Qwen2.5-Taiwan-3B-Instruct: Optimized for Traditional Chinese
This model, developed by benchang1110, is a 3.1 billion parameter instruction-tuned causal language model built upon the powerful Qwen/Qwen2.5-3B-Instruct base. It has been specifically enhanced for Traditional Chinese (zh-tw) through a unique training pipeline, including tokenizer swapping, Supervised Fine-Tuning (SFT), and Direct Preference Optimization (DPO).
Key Capabilities
- Superior Traditional Chinese Understanding: Achieves a TMLU score of 59.94% and a TMMLU+ score of 49.52%, outperforming other 3B models and even competing with some 8B models in Traditional Chinese benchmarks.
- Multi-turn Dialogue: Capable of engaging in coherent and logical multi-turn conversations.

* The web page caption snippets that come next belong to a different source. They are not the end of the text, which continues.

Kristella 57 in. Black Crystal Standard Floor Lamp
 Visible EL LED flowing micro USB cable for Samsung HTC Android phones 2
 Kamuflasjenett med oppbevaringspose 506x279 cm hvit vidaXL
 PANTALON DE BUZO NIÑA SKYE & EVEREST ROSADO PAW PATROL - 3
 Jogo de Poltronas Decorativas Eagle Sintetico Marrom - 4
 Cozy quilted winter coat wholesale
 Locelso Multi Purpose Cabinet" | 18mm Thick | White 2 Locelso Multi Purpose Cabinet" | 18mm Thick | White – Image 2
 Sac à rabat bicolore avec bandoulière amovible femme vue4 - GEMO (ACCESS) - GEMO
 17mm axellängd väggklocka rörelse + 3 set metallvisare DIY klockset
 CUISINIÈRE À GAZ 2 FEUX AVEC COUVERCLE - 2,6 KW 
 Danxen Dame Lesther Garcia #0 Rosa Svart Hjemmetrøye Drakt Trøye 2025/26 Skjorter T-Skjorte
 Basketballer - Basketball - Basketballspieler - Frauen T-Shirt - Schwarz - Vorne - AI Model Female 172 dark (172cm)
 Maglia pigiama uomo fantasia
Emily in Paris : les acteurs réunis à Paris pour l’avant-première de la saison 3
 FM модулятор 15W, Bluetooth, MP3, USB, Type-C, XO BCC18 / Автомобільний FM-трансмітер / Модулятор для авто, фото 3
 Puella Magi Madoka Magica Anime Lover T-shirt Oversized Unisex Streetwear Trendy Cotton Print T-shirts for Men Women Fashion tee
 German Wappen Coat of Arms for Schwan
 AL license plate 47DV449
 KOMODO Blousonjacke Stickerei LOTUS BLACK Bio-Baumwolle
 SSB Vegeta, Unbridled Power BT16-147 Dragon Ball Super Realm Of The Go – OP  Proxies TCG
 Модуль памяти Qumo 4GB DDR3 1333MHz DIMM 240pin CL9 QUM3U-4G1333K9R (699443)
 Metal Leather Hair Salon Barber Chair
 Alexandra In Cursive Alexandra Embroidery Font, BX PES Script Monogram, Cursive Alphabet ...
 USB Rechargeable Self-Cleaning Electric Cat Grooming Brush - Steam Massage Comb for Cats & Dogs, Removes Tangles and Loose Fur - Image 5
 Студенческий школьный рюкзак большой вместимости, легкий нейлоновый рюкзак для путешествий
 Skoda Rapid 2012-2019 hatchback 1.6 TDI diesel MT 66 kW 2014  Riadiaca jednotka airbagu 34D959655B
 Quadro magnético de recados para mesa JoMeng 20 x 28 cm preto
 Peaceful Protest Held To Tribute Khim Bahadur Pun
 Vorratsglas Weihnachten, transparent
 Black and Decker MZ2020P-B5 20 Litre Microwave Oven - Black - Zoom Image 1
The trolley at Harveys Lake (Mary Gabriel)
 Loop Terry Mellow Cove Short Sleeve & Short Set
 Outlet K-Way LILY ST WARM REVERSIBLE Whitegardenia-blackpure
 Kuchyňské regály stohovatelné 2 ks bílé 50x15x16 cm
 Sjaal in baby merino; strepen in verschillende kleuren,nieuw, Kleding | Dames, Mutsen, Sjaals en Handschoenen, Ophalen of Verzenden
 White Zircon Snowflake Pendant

- Content Generation: Excels at tasks like article writing, letter composition, and summarization.
- Translation: Proficient in translating between English and Traditional Chinese.
- Role-playing: Can adapt its persona based on system prompts for various role-playing scenarios.
- Taiwan-Specific Knowledge: Demonstrates strong understanding of Taiwan-related queries, such as local attractions.
- Extended Context Length: Supports a context length of 32,768 tokens for processing longer inputs.
Good for
- Applications requiring high-quality Traditional Chinese text generation and comprehension.
- Building chatbots and conversational AI systems for Taiwanese users.
- Summarization and translation tasks involving Traditional Chinese content.
- Developing AI assistants with specific cultural and linguistic nuances for Taiwan.
- Researchers and developers seeking a cost-effective yet powerful model for Traditional Chinese NLP, leveraging the strong base capabilities of Qwen.